Transcribe, starting at the line with "Security Removable Headlamp" and ending at the line with "Unknown for 15", every line of the material below exactly, but leave out the pictures and anything outside that span.

DATA SHOWN:
________________

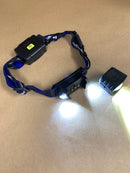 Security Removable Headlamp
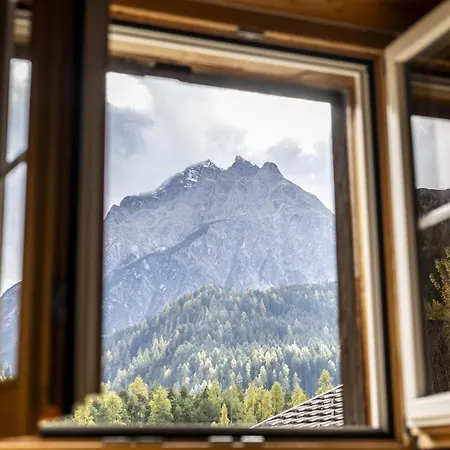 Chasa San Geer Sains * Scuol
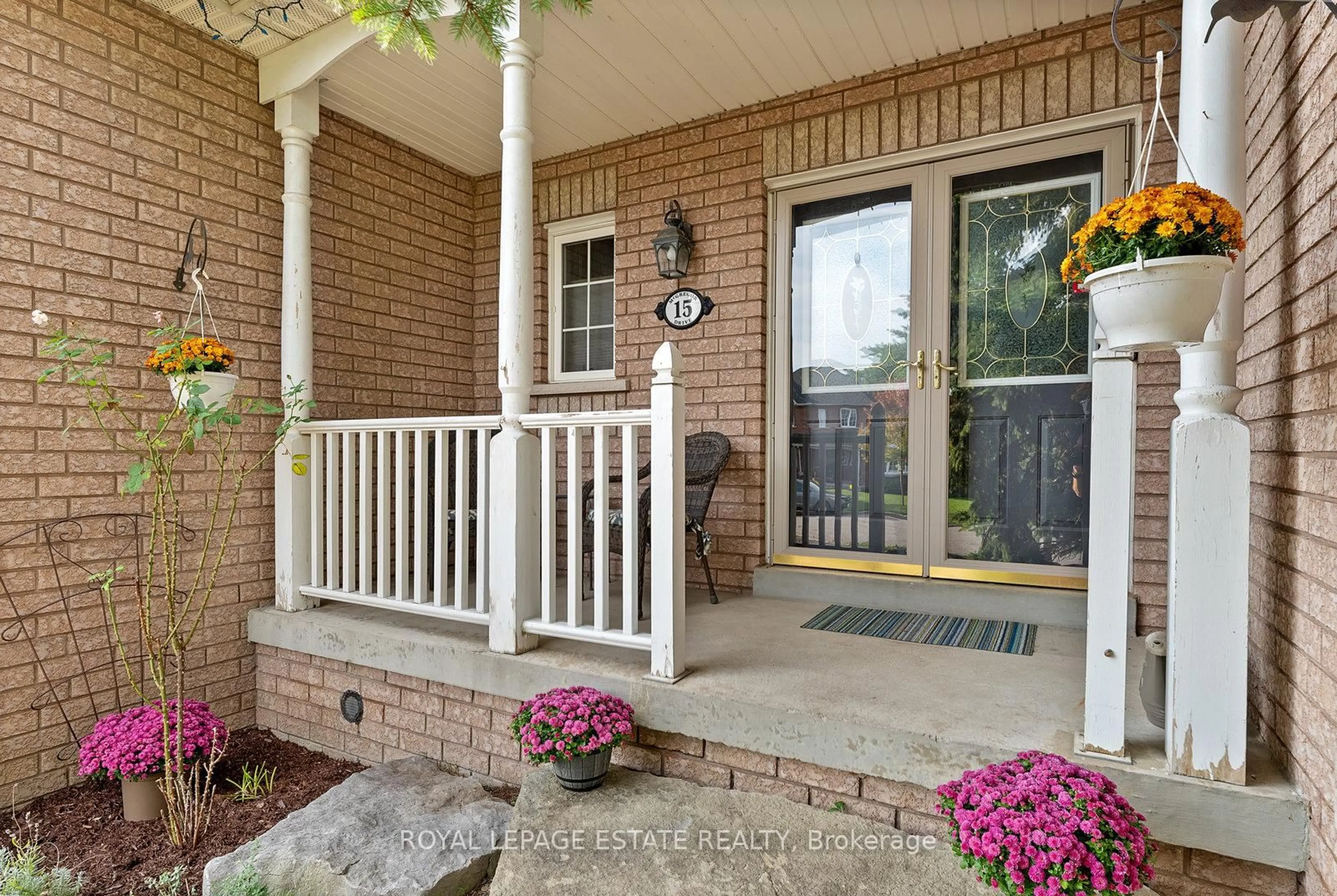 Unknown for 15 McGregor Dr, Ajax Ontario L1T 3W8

________________

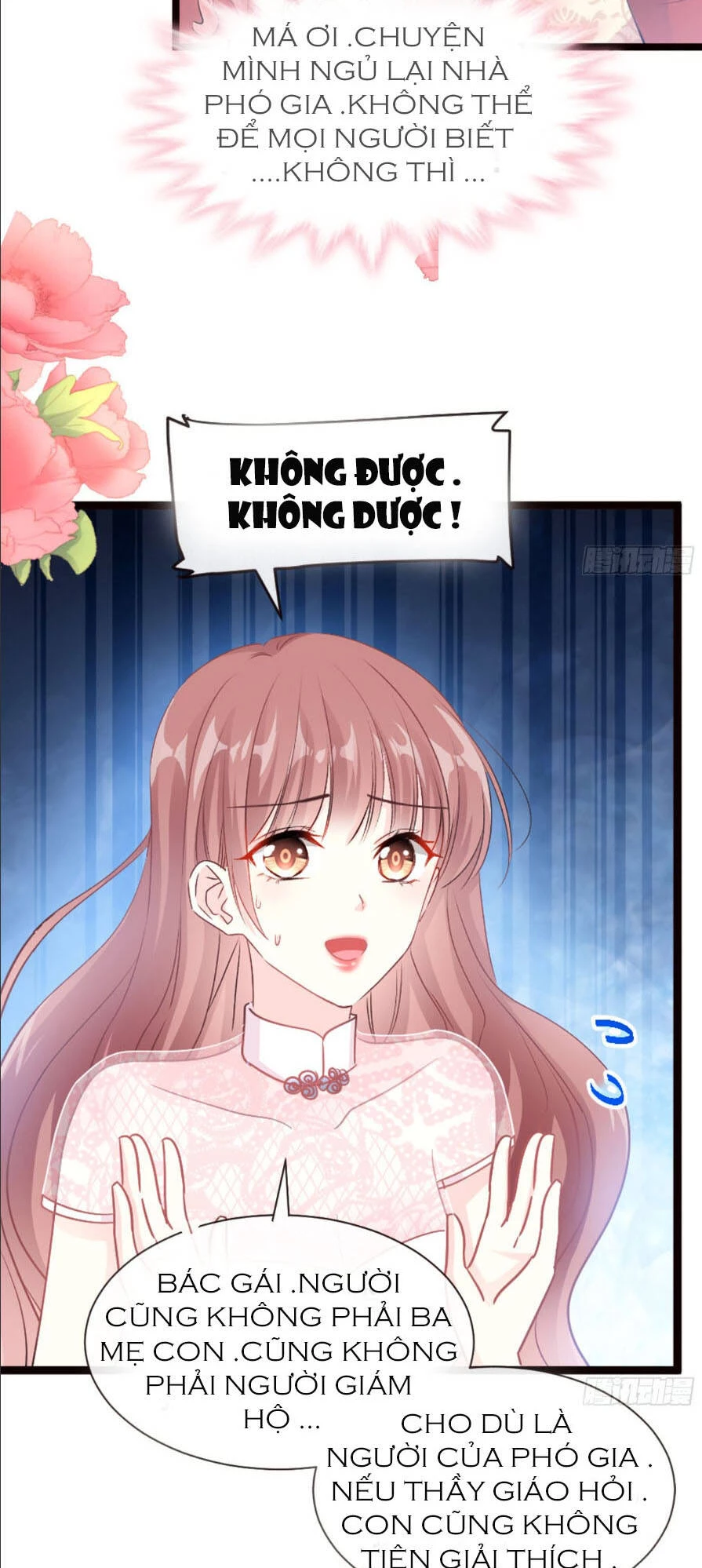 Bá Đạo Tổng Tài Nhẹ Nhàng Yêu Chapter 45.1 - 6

________________

ANSWER SECTION:
 Security Removable Headlamp
 Chasa San Geer Sains * Scuol
 Unknown for 15 McGregor Dr, Ajax Ontario L1T 3W8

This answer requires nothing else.